If consent has not been granted, the application cannot access the sensor. It's not an optional rule that an unscrupulous developer can elect to bypass.

At the time of writing, only the heart rate and RR interval sensor subscriptions require explicit user consent.

Revoking permissions

Go to Settings → Privacy → Other Devices → MSFT Band 2 nn:nn → Let these apps use my MSFT Band 2 nn:nn and slide it to No

Strangely this didn't seem to work for me, so I just uninstalled the app from my phone and the next time I installed it (by choosing deploy to device in Visual Studio), I had to grant the permissions again.

Show me the code

Go back to your empty app in Visual Studio and navigate to MainPage.xaml. This is the layout file for the page and we just want to add a few placeholders so that we can display the data from the various sensors. Since I was in a rush, I just came up with a very basic design:

<Page
    x:Class="TomSSLBand.MainPage"
    xmlns="http://schemas.microsoft.com/winfx/2006/xaml/presentation"
    xmlns:x="http://schemas.microsoft.com/winfx/2006/xaml"
    xmlns:local="using:TomSSLBand"
    xmlns:d="http://schemas.microsoft.com/expression/blend/2008"
    xmlns:mc="http://schemas.openxmlformats.org/markup-compatibility/2006"
    mc:Ignorable="d">
    <!--Don't change the bit above.
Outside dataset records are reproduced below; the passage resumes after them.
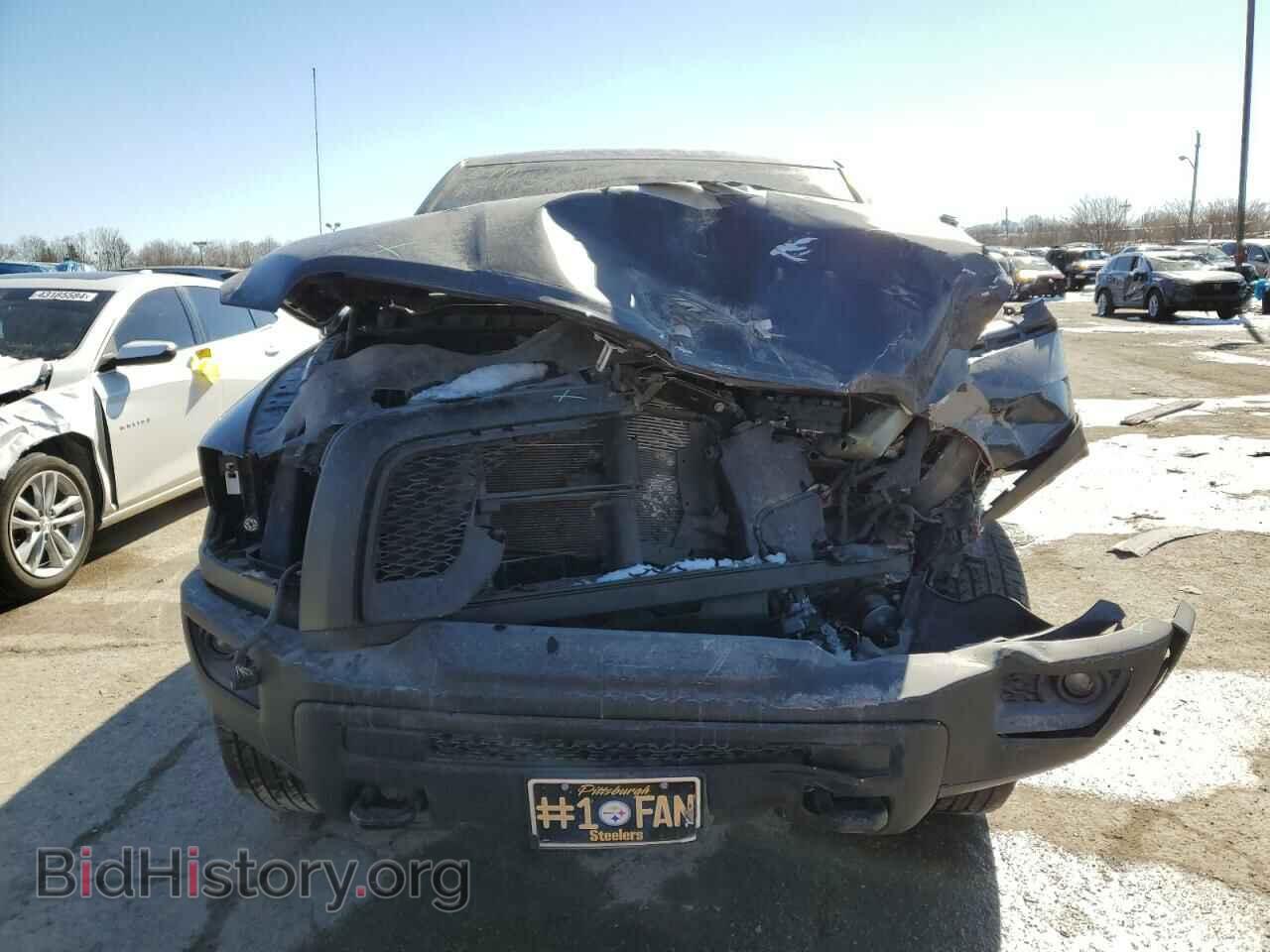 2020 RAM 1500 - VIN: 1C6RR7LT6LS124091 - Фото 5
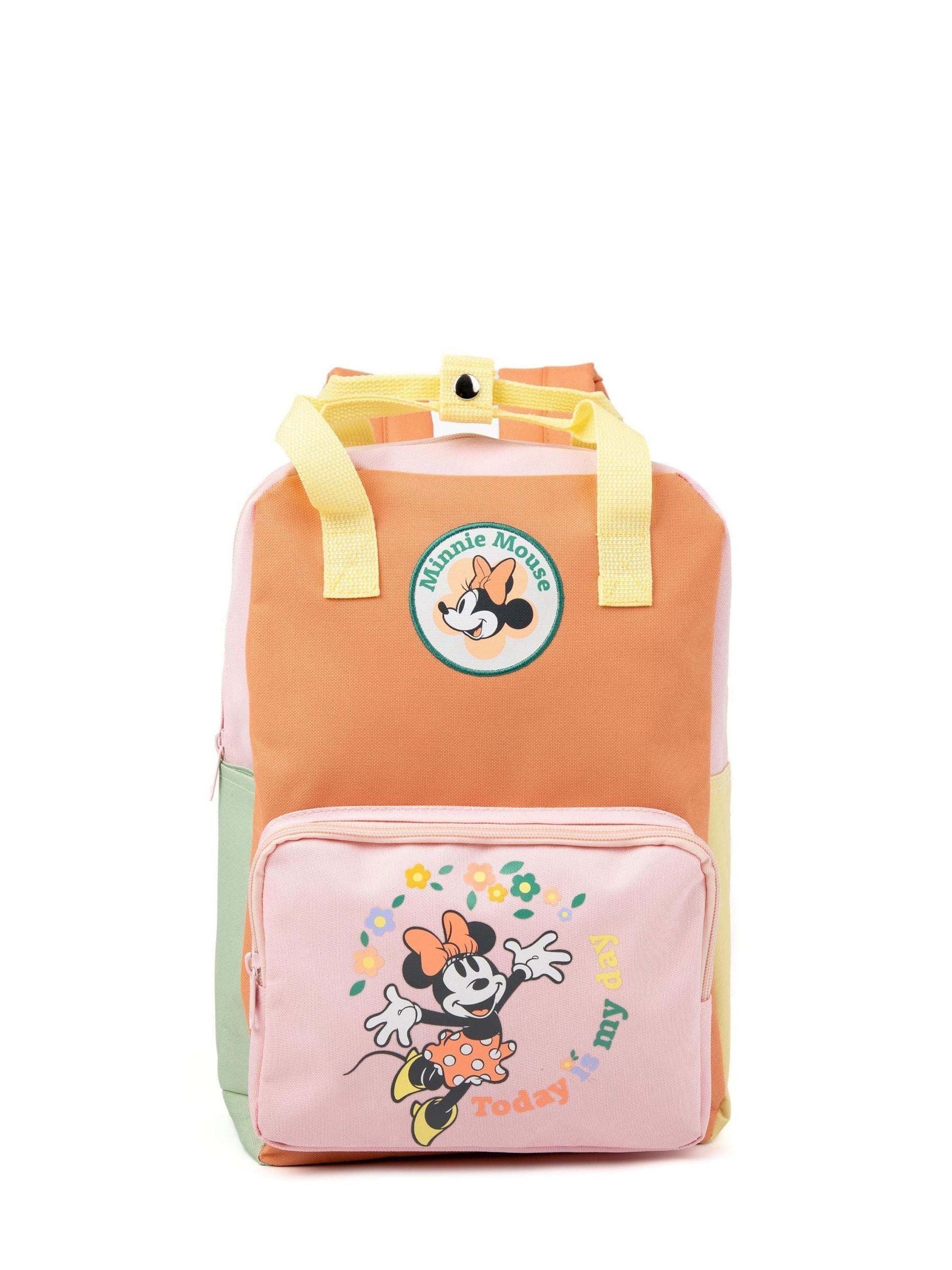 Vanilla Underground Disney Minnie Mouse 4-delige rugzakset voor meisjes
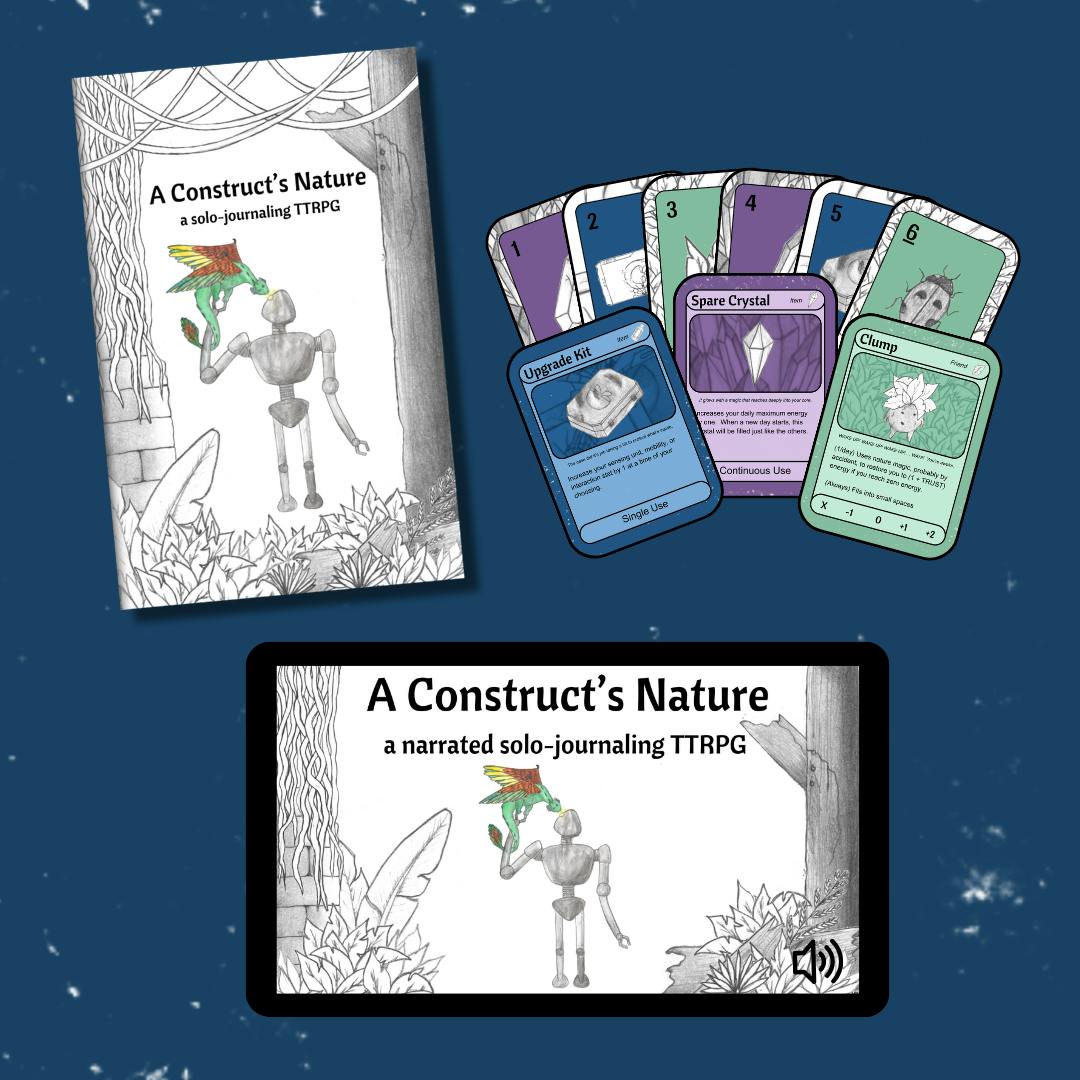 The Construct's Core Bundle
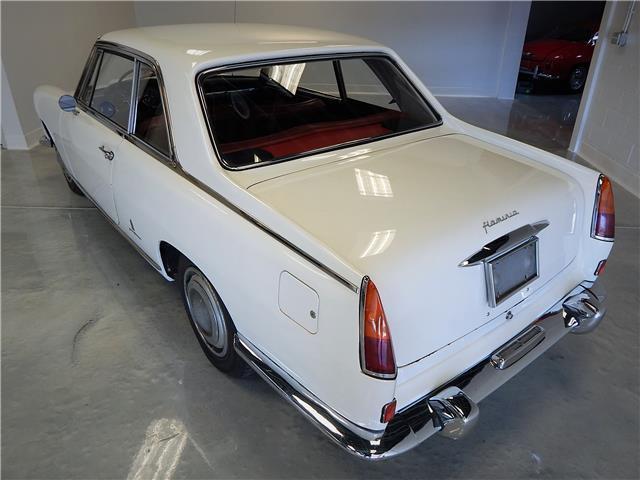 1961 Lancia Flaminia Pinin-Farina - photo 10
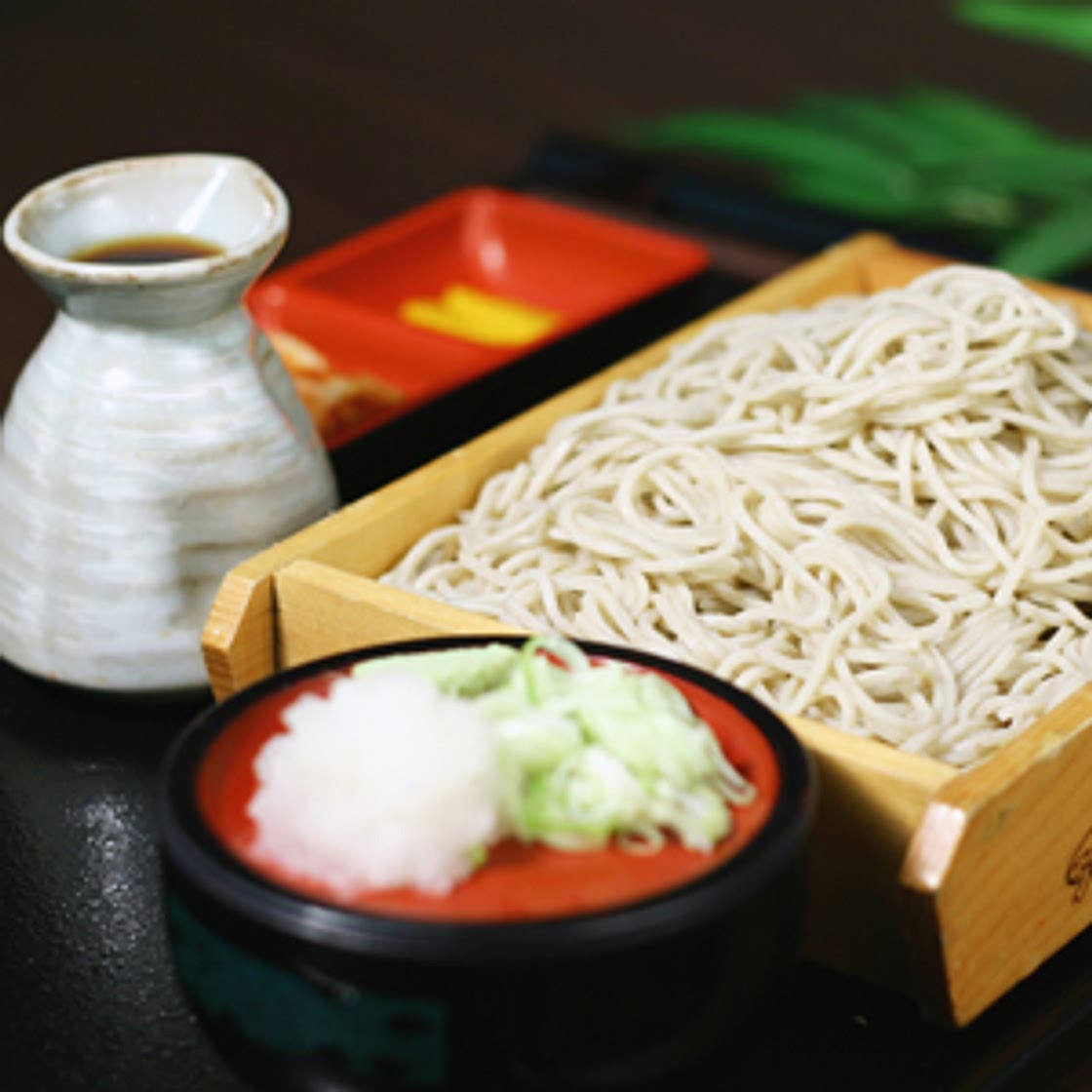 오무라안메밀국수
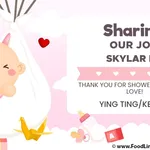Joyous Gift (Colours: Pink) (Format: E-Voucher)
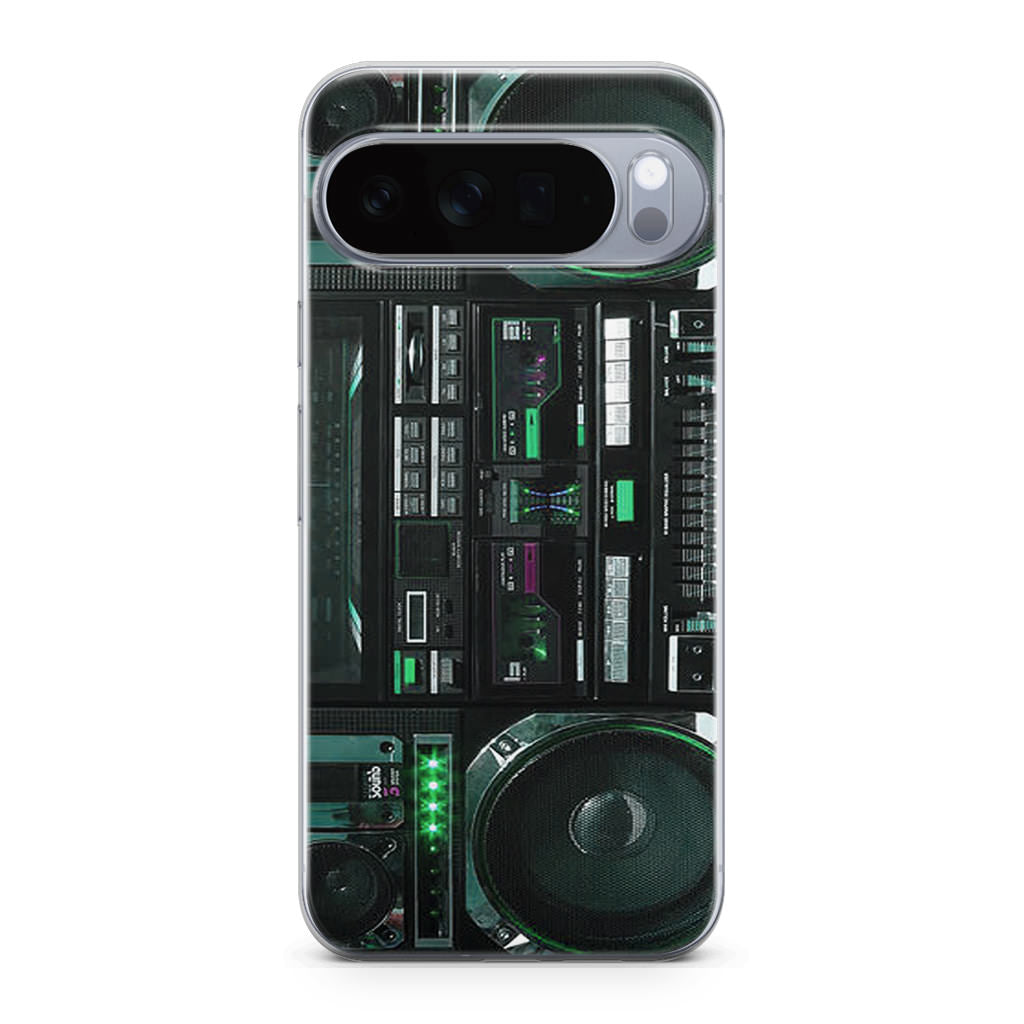 Boombox Blaster Google Pixel 10 Pro / Pixel 10 Pro XL Case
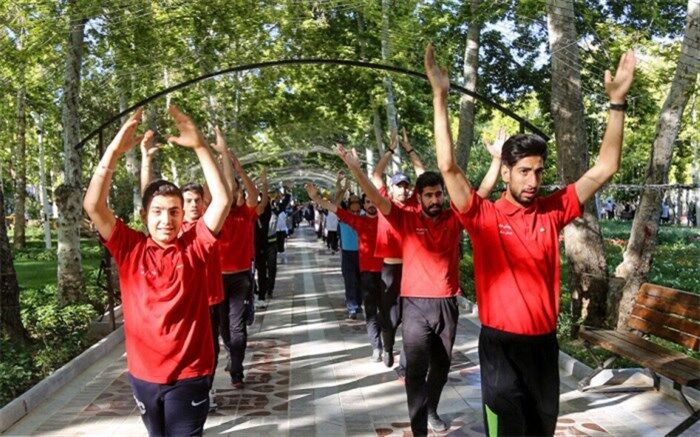 از تعطیلی ۱۲ مجموعه ورزشی تا صدور ۲۱ پروانه فعالیت جدید در شهرستان ری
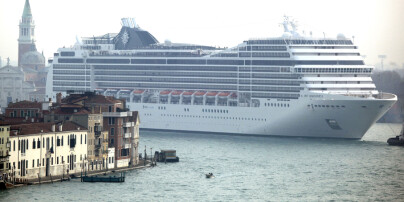 Turistopprør i Venezia: - Du spør meg hvordan det er å leve med denne dritten?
Change the bit below.-->
    <Grid Background="{ThemeResource ApplicationPageBackgroundThemeBrush}">
        <Grid.Resources>
            <Style TargetType="TextBlock" BasedOn="{StaticResource HeaderTextBlockStyle}">
                <Setter Property="HorizontalAlignment" Value="Center" />
                <Setter Property="VerticalAlignment" Value="Center" />
                <Setter Property="FontWeight" Value="Bold" />
            </Style>
        </Grid.Resources>
        <Grid.RowDefinitions>
            <RowDefinition Height="Auto"></RowDefinition>
            <RowDefinition></RowDefinition>
            <RowDefinition></RowDefinition>
            <RowDefinition></RowDefinition>
            <RowDefinition></RowDefinition>
            <RowDefinition></RowDefinition>
            <RowDefinition></RowDefinition>
        </Grid.RowDefinitions>
        <TextBlock HorizontalAlignment="Center">Tom SSL Band</TextBlock>
        <StackPanel Grid.Row="1" Orientation="Horizontal" HorizontalAlignment="Center">
            <TextBlock x:Name="Sensor1Id" Margin="0,0,5,0" Foreground="Red" >&#x2665;</TextBlock>
            <TextBlock x:Name="Sensor1Display">---</TextBlock>
        </StackPanel>
        <StackPanel Grid.Row="2" Orientation="Horizontal" HorizontalAlignment="Center">
            <TextBlock x:Name="Sensor2Id" Margin="0,0,5,0" ></TextBlock>
            <TextBlock x:Name="Sensor2Display">---</TextBlock>
        </StackPanel>
        <StackPanel Grid.Row="3" Orientation="Horizontal" HorizontalAlignment="Center">
            <TextBlock x:Name="Sensor3Id" Margin="0,0,5,0" ></TextBlock>
            <TextBlock x:Name="Sensor3Display">---</TextBlock>
        </StackPanel>
        <StackPanel Grid.Row="4" Orientation="Horizontal" HorizontalAlignment="Center">
            <TextBlock x:Name="Sensor4Id" Margin="0,0,5,0" ></TextBlock>
            <TextBlock x:Name="Sensor4Display">---</TextBlock>
        </StackPanel>
        <StackPanel Grid.Row="5" Orientation="Horizontal" HorizontalAlignment="Center">
            <TextBlock x:Name="Sensor5Id" Margin="0,0,5,0" ></TextBlock>
            <TextBlock x:Name="Sensor5Display">---</TextBlock>
        </StackPanel>
        <StackPanel Grid.Row="6" Orientation="Horizontal" HorizontalAlignment="Center">
            <TextBlock x:Name="Sensor6Id" Margin="0,0,5,0" ></TextBlock>
            <TextBlock x:Name="Sensor6Display">---</TextBlock>
        </StackPanel>

    </Grid>
</Page>

That gives you something like this (if it shows as black on white in the designer even though you have set the dark theme in the App.xaml page you can fix this by reloading the designer view, but you needn't worry, it will still be white on black when you run the app):

TomSSL MainPage design view

Now navigate to the code-behind page, MainPage.xaml.cs.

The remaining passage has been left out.